MongoEngine - Pull a reference from a ListField, b

2020-07-18 07:38发布

问题:

I would like to remove some references from a ListField(ReferenceField), solely based on their value.

I store information about images in the following Model:

class ImageUrl(Document):
    src = UrlField()
    counter = IntField()
    deleted = BooleanField()

We store the ids of the images encountered on a page in an EmbeddedDocument called Webpage:

class Webpage(EmbeddedDocument):
    image_list = ListField(ReferenceField(ImageUrl))
    ...

Finally, the Website model is embedded into a RawData model:

class RawData(Document):
    ...
    webpage = EmbeddedDocumentField(Webpage)

I would like to remove references to ImageUrl records from RawData records, based some some of their attributes (eg: counter value exceeding 1), and then set the deleted attribute of these ImageUrl records to True.

I'm doing:

images = ImageUrl.objects((Q(deleted=False) & Q(counter__gt=1)).all()
for image in images:
    # all RadData records containing the image in their image list
    for rdata in RawData.objects(webpage__image_list__in=[image.id]:
        # remove image from the image_list
        RawData.objects(id=rdata.id).update_one(pull__webpage__image_list=image.id)
    # set 'deleted=True' on the ImageUrl record
    ImageUrl.objects(id=image.id).update_one(set__deleted=True)

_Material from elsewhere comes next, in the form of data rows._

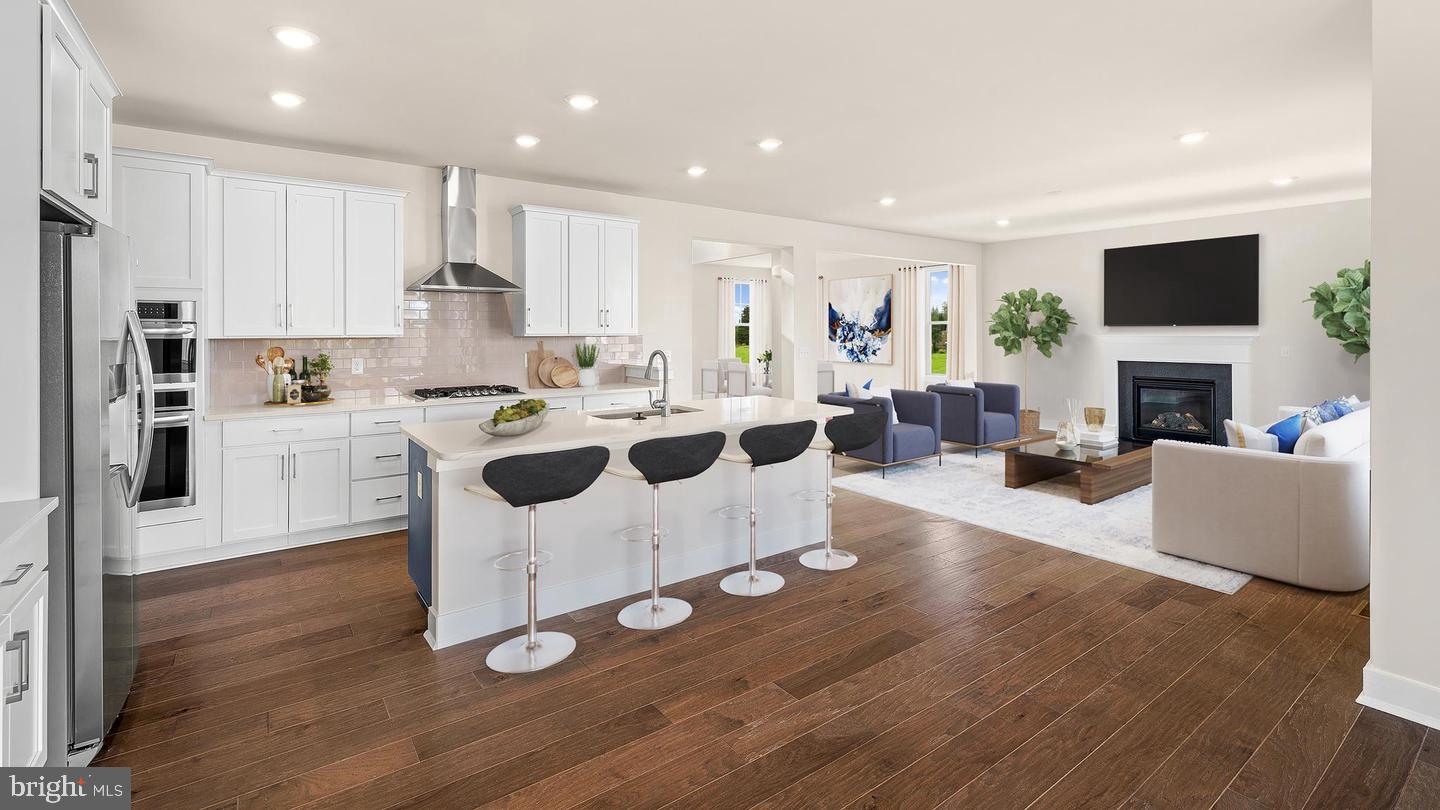 426 CROWNLEAF DRIVE
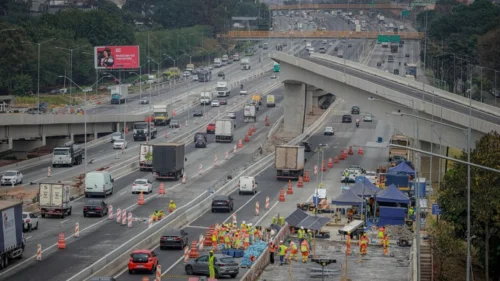 Free flow na Via Dutra completa um mês de operação em trecho de Guarulhos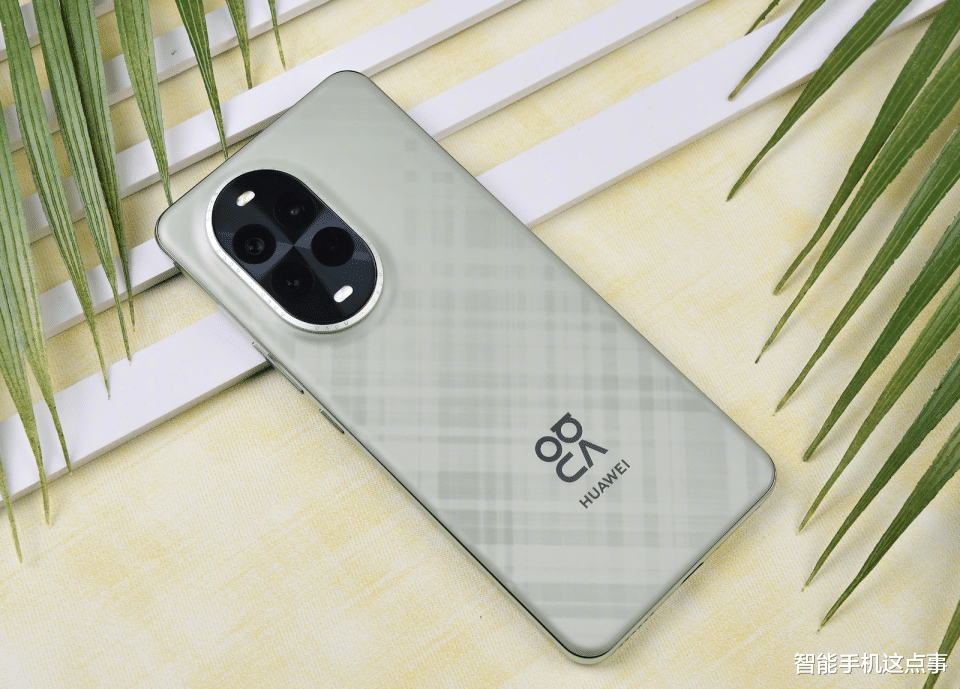 華為迎來三喜：鴻蒙5.0發布、公測升級名單清晰、Nova13系列發布！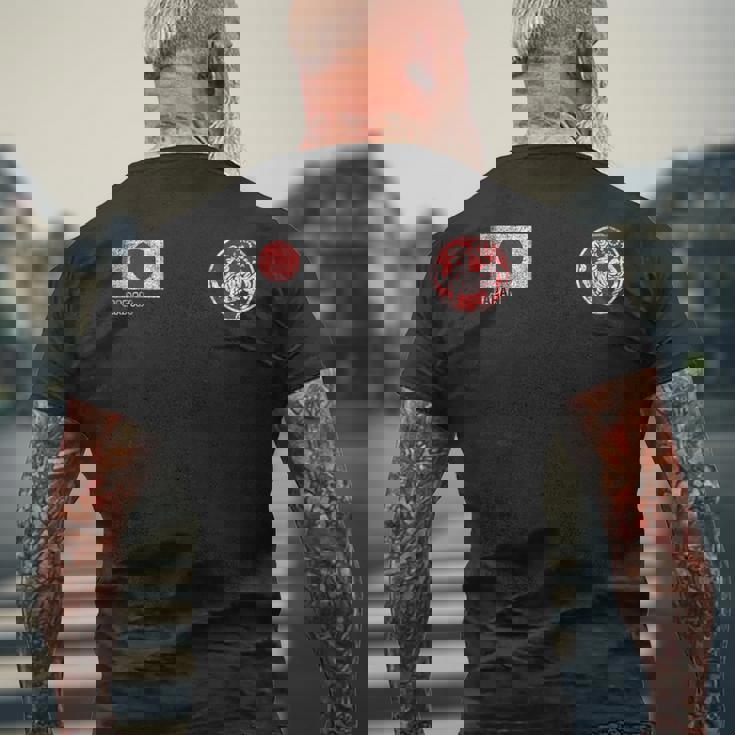 空手日本代表スポーツフル格闘技コンタクト メンズTシャツ バックプリント 高齢者への贈り物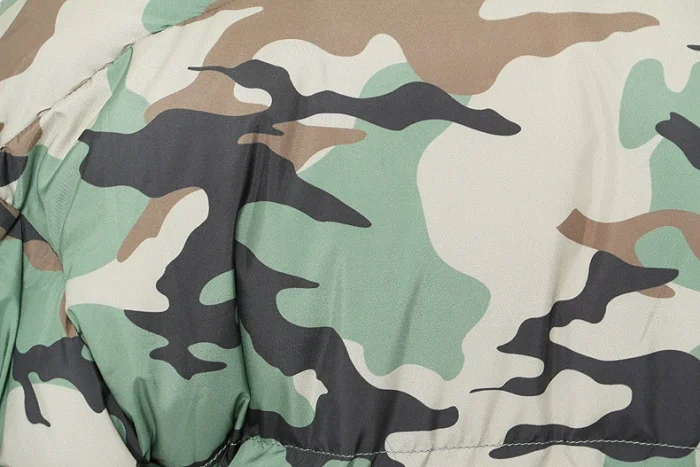 SUPER WHOLESALE | Patchwork Cuffs Fitted Down Coat in Camo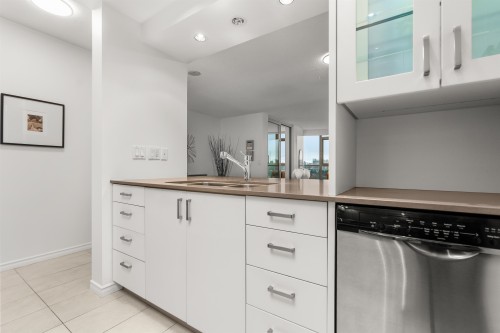 1603-388 Drake Street, Vancouver, BC 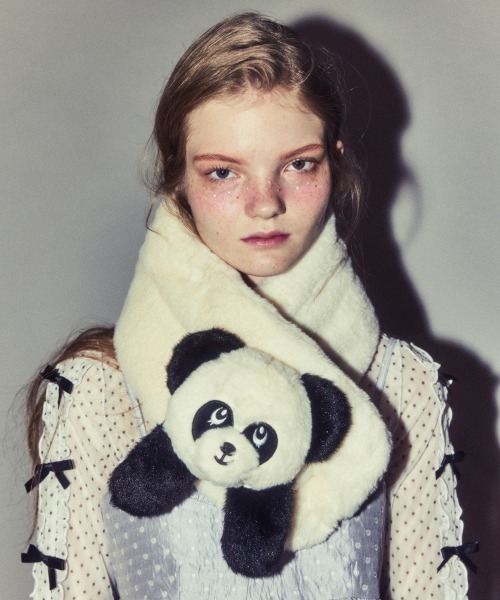 Candy Stripper（キャンディストリッパー）の「PEPE FUR マフラー（マフラー・レディース・アイボリー・FREE）」の3枚目の写真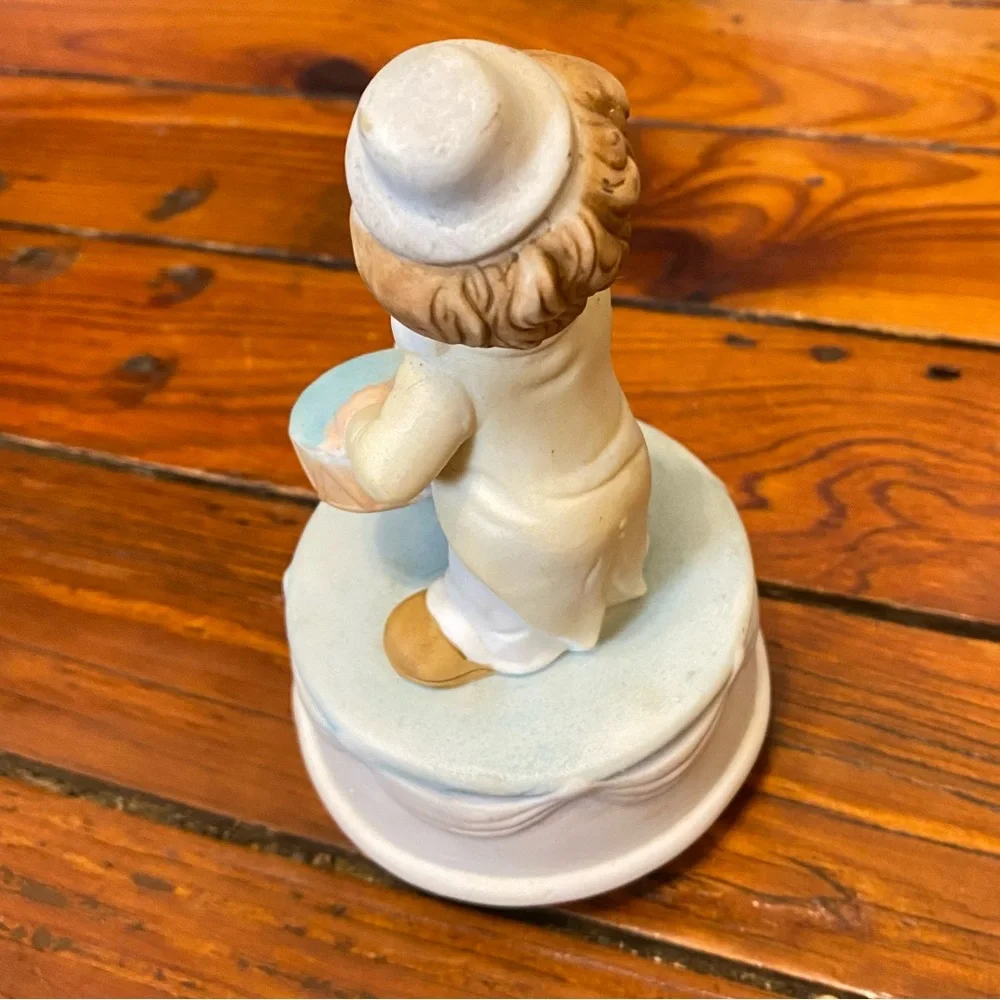 VT Artmark Rotating Clown w/ Dog Music Box 
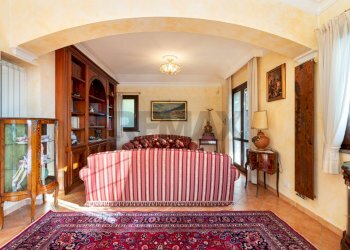 Soggiorno - Villa Via Monte Marino
 
11, Riano - photo 6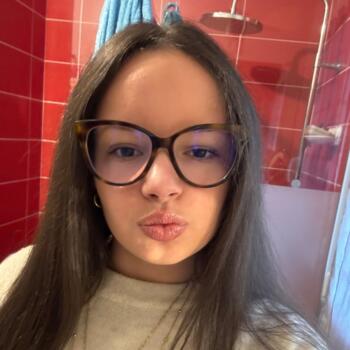 Babysitter in Prudhomat: Ninon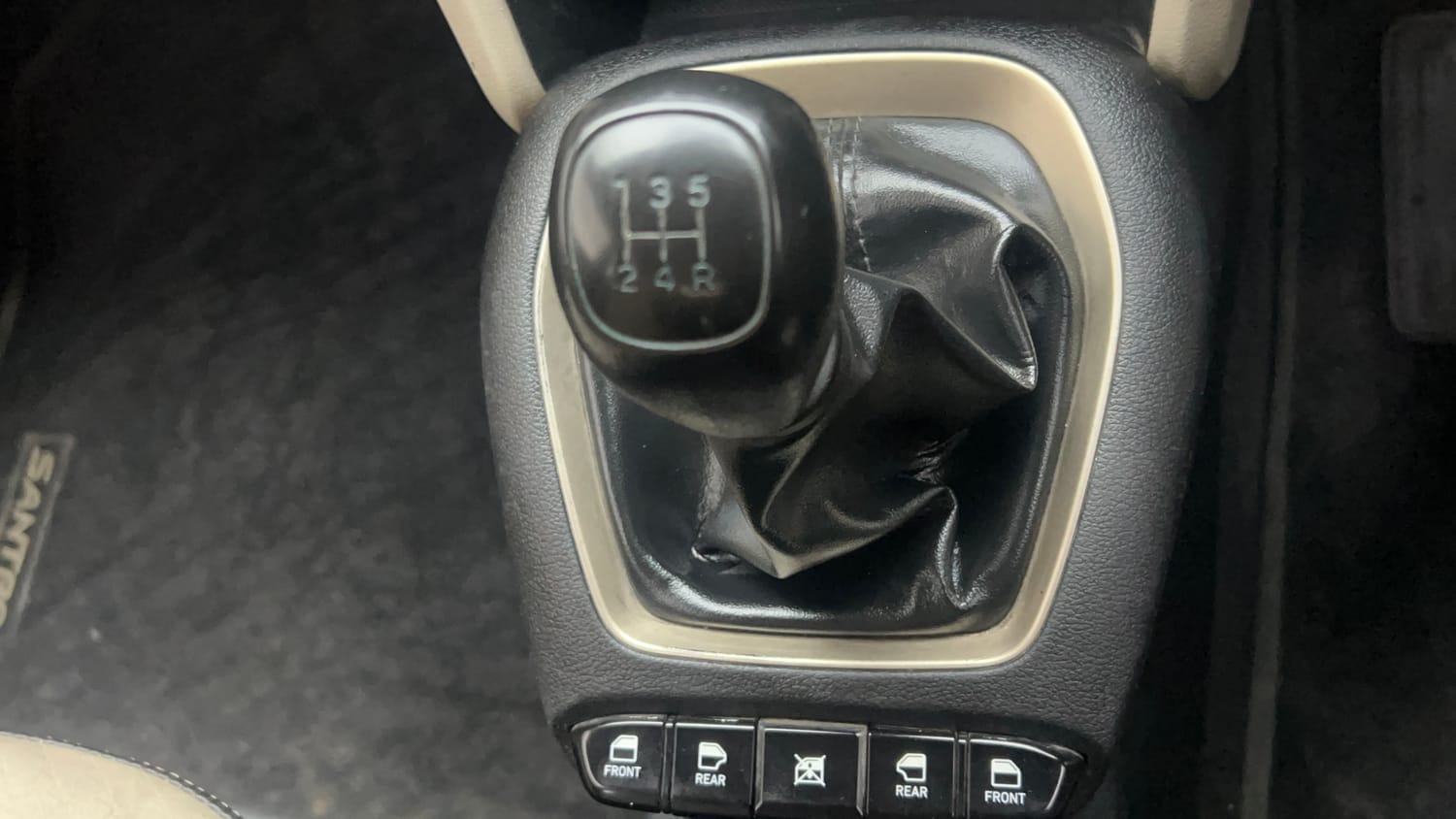 Used 2019 Hyundai Santro Sportz CNG Cng Manual interior GEAR  KNOB VIEW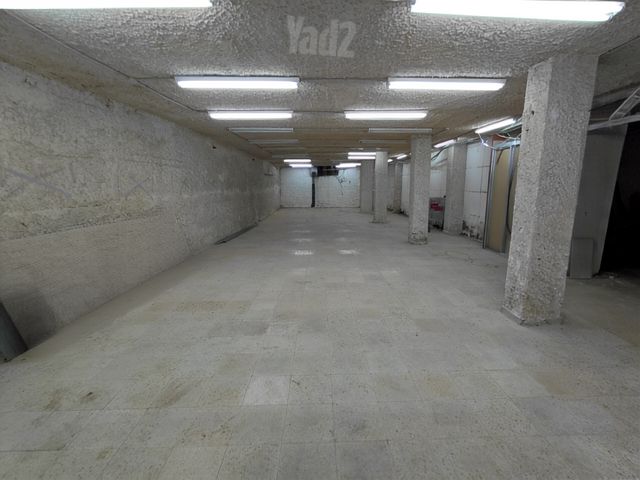 מחסן, ב' / צפון מערב העיר, רחובות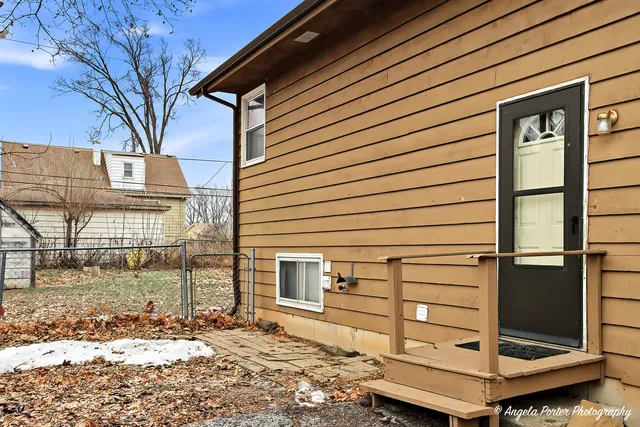 $285,000 | 1313 Cherokee Drive, Round Lake Beach, IL 60073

The pull operation raises the following error: OperationError: Update failed [Cannot apply $pull/$pullAll modifier to non-array].

As i understood it from http://docs.mongodb.org/manual/reference/operator/pull/#_S_pull or How to remove a item from a list(ListField) by id in MongoEngine?, I need to specify the key of the the array from which I want to remove the value. However, in my case, I'd like to remove a value from a list... How should I do that?

Thank you very much for your time!

回答1:

The way the positional operator works is it allows you to query for a value in a list and then do an action on the first instance of that value, usually an update. $pull will remove all instances from the list and this is what you want.

In mongoengine with references you can just pass the instance object eg:

for rdata in RawData.objects(webpage__image_list=image):
    # remove image from the image_list
    rdata.update_one(pull__webpage__image_list=image)

I cleaned up code, removed the duplicate queries - as you already have rdata no need to refind that document!

OperationError: Update failed [Cannot apply $pull/$pullAll modifier to non-array] This means that you are trying to pull data which requires an array and there is a document where image_list isn't actually an array. This is probably caused because on disk you have a document where image_list is not actually a list. If you put a try except block you can have a look at the document that fails to see if that is the case and if so it will need manually migrating.